[Start of section]
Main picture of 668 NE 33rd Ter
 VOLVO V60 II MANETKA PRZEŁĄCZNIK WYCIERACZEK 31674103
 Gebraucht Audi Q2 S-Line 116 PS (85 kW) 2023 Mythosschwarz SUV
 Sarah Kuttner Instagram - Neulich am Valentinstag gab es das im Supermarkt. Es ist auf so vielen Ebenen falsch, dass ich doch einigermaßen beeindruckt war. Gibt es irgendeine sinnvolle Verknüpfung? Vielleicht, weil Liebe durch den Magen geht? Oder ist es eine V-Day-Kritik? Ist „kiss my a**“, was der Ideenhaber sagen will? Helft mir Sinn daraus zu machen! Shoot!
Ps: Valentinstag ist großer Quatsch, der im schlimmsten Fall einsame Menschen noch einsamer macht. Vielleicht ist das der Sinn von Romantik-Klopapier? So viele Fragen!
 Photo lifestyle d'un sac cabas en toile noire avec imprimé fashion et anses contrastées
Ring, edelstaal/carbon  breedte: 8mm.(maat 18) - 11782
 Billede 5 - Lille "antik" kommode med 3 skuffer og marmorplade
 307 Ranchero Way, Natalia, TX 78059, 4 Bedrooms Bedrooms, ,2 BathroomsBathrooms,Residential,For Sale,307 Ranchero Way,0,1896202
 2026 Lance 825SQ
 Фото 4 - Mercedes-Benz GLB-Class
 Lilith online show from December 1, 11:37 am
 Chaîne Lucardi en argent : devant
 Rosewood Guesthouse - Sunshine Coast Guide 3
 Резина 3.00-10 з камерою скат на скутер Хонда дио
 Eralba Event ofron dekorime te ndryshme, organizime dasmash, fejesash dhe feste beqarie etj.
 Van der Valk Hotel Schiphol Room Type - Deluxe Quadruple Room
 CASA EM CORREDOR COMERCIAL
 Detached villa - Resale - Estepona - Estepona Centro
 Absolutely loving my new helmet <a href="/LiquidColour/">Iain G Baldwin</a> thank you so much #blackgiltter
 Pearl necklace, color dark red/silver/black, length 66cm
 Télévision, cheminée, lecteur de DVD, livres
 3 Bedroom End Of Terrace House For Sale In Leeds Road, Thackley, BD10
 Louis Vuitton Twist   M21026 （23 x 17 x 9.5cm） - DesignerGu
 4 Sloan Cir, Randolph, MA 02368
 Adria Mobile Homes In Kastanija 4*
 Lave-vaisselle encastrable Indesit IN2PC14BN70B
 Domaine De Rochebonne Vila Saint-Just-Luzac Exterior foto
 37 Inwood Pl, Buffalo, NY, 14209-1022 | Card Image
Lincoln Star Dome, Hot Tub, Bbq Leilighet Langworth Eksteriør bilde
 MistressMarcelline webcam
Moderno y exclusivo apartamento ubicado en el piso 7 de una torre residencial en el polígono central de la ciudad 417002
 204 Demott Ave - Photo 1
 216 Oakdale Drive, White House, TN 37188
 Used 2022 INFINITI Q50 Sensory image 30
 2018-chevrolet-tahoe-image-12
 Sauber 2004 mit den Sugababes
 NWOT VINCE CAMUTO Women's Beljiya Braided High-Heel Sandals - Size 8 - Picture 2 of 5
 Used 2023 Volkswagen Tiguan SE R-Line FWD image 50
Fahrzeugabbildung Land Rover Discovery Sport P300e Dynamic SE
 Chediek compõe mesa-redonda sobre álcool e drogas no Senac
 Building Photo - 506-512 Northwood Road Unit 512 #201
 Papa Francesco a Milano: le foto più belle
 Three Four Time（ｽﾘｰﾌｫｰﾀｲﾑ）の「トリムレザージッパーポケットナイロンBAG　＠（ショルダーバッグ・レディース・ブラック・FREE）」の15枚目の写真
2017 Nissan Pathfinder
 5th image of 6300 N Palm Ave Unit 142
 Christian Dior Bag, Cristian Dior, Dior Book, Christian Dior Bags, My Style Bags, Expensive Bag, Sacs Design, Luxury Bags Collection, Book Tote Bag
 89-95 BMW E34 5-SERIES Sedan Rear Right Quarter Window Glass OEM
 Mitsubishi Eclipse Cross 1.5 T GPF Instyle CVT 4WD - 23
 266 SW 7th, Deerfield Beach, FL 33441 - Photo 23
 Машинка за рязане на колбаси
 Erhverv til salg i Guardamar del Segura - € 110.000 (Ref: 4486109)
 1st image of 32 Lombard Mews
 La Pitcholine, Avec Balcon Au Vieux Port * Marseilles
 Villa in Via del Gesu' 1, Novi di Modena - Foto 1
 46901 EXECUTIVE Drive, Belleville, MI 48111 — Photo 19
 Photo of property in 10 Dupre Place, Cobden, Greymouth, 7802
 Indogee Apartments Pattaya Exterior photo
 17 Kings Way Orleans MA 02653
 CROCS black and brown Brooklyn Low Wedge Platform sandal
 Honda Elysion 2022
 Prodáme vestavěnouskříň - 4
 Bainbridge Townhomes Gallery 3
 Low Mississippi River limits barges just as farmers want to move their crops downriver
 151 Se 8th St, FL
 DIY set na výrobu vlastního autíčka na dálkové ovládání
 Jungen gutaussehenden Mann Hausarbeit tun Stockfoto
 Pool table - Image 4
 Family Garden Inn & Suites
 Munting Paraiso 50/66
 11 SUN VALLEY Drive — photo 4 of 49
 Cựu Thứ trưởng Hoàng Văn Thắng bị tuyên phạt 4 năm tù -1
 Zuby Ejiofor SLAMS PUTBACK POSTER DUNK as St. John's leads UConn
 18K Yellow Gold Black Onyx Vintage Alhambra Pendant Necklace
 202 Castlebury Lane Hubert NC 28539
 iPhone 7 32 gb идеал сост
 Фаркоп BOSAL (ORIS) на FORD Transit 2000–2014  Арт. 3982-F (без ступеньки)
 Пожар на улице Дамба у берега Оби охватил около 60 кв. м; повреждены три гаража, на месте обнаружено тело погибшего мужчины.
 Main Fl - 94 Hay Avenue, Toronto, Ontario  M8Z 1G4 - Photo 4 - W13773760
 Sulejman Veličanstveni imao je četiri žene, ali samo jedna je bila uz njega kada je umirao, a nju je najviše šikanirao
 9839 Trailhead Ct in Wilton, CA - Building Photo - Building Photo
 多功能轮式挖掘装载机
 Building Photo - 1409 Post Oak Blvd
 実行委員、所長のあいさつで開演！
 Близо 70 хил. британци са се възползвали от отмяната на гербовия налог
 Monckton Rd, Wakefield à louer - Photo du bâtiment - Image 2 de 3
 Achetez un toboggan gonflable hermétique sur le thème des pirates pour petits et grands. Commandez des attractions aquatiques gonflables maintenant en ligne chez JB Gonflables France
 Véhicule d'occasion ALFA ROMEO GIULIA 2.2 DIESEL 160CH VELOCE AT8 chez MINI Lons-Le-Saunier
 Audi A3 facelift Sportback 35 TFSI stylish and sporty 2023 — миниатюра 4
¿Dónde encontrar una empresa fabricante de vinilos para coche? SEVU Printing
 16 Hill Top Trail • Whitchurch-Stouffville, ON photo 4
[End of section]
● **What the task requires**: Give back the complete data, each line unchanged.

● **The completed task**:
Main picture of 668 NE 33rd Ter
 VOLVO V60 II MANETKA PRZEŁĄCZNIK WYCIERACZEK 31674103
 Gebraucht Audi Q2 S-Line 116 PS (85 kW) 2023 Mythosschwarz SUV
 Sarah Kuttner Instagram - Neulich am Valentinstag gab es das im Supermarkt. Es ist auf so vielen Ebenen falsch, dass ich doch einigermaßen beeindruckt war. Gibt es irgendeine sinnvolle Verknüpfung? Vielleicht, weil Liebe durch den Magen geht? Oder ist es eine V-Day-Kritik? Ist „kiss my a**“, was der Ideenhaber sagen will? Helft mir Sinn daraus zu machen! Shoot!
Ps: Valentinstag ist großer Quatsch, der im schlimmsten Fall einsame Menschen noch einsamer macht. Vielleicht ist das der Sinn von Romantik-Klopapier? So viele Fragen!
 Photo lifestyle d'un sac cabas en toile noire avec imprimé fashion et anses contrastées
Ring, edelstaal/carbon  breedte: 8mm.(maat 18) - 11782
 Billede 5 - Lille "antik" kommode med 3 skuffer og marmorplade
 307 Ranchero Way, Natalia, TX 78059, 4 Bedrooms Bedrooms, ,2 BathroomsBathrooms,Residential,For Sale,307 Ranchero Way,0,1896202
 2026 Lance 825SQ
 Фото 4 - Mercedes-Benz GLB-Class
 Lilith online show from December 1, 11:37 am
 Chaîne Lucardi en argent : devant
 Rosewood Guesthouse - Sunshine Coast Guide 3
 Резина 3.00-10 з камерою скат на скутер Хонда дио
 Eralba Event ofron dekorime te ndryshme, organizime dasmash, fejesash dhe feste beqarie etj.
 Van der Valk Hotel Schiphol Room Type - Deluxe Quadruple Room
 CASA EM CORREDOR COMERCIAL
 Detached villa - Resale - Estepona - Estepona Centro
 Absolutely loving my new helmet <a href="/LiquidColour/">Iain G Baldwin</a> thank you so much #blackgiltter
 Pearl necklace, color dark red/silver/black, length 66cm
 Télévision, cheminée, lecteur de DVD, livres
 3 Bedroom End Of Terrace House For Sale In Leeds Road, Thackley, BD10
 Louis Vuitton Twist   M21026 （23 x 17 x 9.5cm） - DesignerGu
 4 Sloan Cir, Randolph, MA 02368
 Adria Mobile Homes In Kastanija 4*
 Lave-vaisselle encastrable Indesit IN2PC14BN70B
 Domaine De Rochebonne Vila Saint-Just-Luzac Exterior foto
 37 Inwood Pl, Buffalo, NY, 14209-1022 | Card Image
Lincoln Star Dome, Hot Tub, Bbq Leilighet Langworth Eksteriør bilde
 MistressMarcelline webcam
Moderno y exclusivo apartamento ubicado en el piso 7 de una torre residencial en el polígono central de la ciudad 417002
 204 Demott Ave - Photo 1
 216 Oakdale Drive, White House, TN 37188
 Used 2022 INFINITI Q50 Sensory image 30
 2018-chevrolet-tahoe-image-12
 Sauber 2004 mit den Sugababes
 NWOT VINCE CAMUTO Women's Beljiya Braided High-Heel Sandals - Size 8 - Picture 2 of 5
 Used 2023 Volkswagen Tiguan SE R-Line FWD image 50
Fahrzeugabbildung Land Rover Discovery Sport P300e Dynamic SE
 Chediek compõe mesa-redonda sobre álcool e drogas no Senac
 Building Photo - 506-512 Northwood Road Unit 512 #201
 Papa Francesco a Milano: le foto più belle
 Three Four Time（ｽﾘｰﾌｫｰﾀｲﾑ）の「トリムレザージッパーポケットナイロンBAG　＠（ショルダーバッグ・レディース・ブラック・FREE）」の15枚目の写真
2017 Nissan Pathfinder
 5th image of 6300 N Palm Ave Unit 142
 Christian Dior Bag, Cristian Dior, Dior Book, Christian Dior Bags, My Style Bags, Expensive Bag, Sacs Design, Luxury Bags Collection, Book Tote Bag
 89-95 BMW E34 5-SERIES Sedan Rear Right Quarter Window Glass OEM
 Mitsubishi Eclipse Cross 1.5 T GPF Instyle CVT 4WD - 23
 266 SW 7th, Deerfield Beach, FL 33441 - Photo 23
 Машинка за рязане на колбаси
 Erhverv til salg i Guardamar del Segura - € 110.000 (Ref: 4486109)
 1st image of 32 Lombard Mews
 La Pitcholine, Avec Balcon Au Vieux Port * Marseilles
 Villa in Via del Gesu' 1, Novi di Modena - Foto 1
 46901 EXECUTIVE Drive, Belleville, MI 48111 — Photo 19
 Photo of property in 10 Dupre Place, Cobden, Greymouth, 7802
 Indogee Apartments Pattaya Exterior photo
 17 Kings Way Orleans MA 02653
 CROCS black and brown Brooklyn Low Wedge Platform sandal
 Honda Elysion 2022
 Prodáme vestavěnouskříň - 4
 Bainbridge Townhomes Gallery 3
 Low Mississippi River limits barges just as farmers want to move their crops downriver
 151 Se 8th St, FL
 DIY set na výrobu vlastního autíčka na dálkové ovládání
 Jungen gutaussehenden Mann Hausarbeit tun Stockfoto
 Pool table - Image 4
 Family Garden Inn & Suites
 Munting Paraiso 50/66
 11 SUN VALLEY Drive — photo 4 of 49
 Cựu Thứ trưởng Hoàng Văn Thắng bị tuyên phạt 4 năm tù -1
 Zuby Ejiofor SLAMS PUTBACK POSTER DUNK as St. John's leads UConn
 18K Yellow Gold Black Onyx Vintage Alhambra Pendant Necklace
 202 Castlebury Lane Hubert NC 28539
 iPhone 7 32 gb идеал сост
 Фаркоп BOSAL (ORIS) на FORD Transit 2000–2014  Арт. 3982-F (без ступеньки)
 Пожар на улице Дамба у берега Оби охватил около 60 кв. м; повреждены три гаража, на месте обнаружено тело погибшего мужчины.
 Main Fl - 94 Hay Avenue, Toronto, Ontario  M8Z 1G4 - Photo 4 - W13773760
 Sulejman Veličanstveni imao je četiri žene, ali samo jedna je bila uz njega kada je umirao, a nju je najviše šikanirao
 9839 Trailhead Ct in Wilton, CA - Building Photo - Building Photo
 多功能轮式挖掘装载机
 Building Photo - 1409 Post Oak Blvd
 実行委員、所長のあいさつで開演！
 Близо 70 хил. британци са се възползвали от отмяната на гербовия налог
 Monckton Rd, Wakefield à louer - Photo du bâtiment - Image 2 de 3
 Achetez un toboggan gonflable hermétique sur le thème des pirates pour petits et grands. Commandez des attractions aquatiques gonflables maintenant en ligne chez JB Gonflables France
 Véhicule d'occasion ALFA ROMEO GIULIA 2.2 DIESEL 160CH VELOCE AT8 chez MINI Lons-Le-Saunier
 Audi A3 facelift Sportback 35 TFSI stylish and sporty 2023 — миниатюра 4
¿Dónde encontrar una empresa fabricante de vinilos para coche? SEVU Printing
 16 Hill Top Trail • Whitchurch-Stouffville, ON photo 4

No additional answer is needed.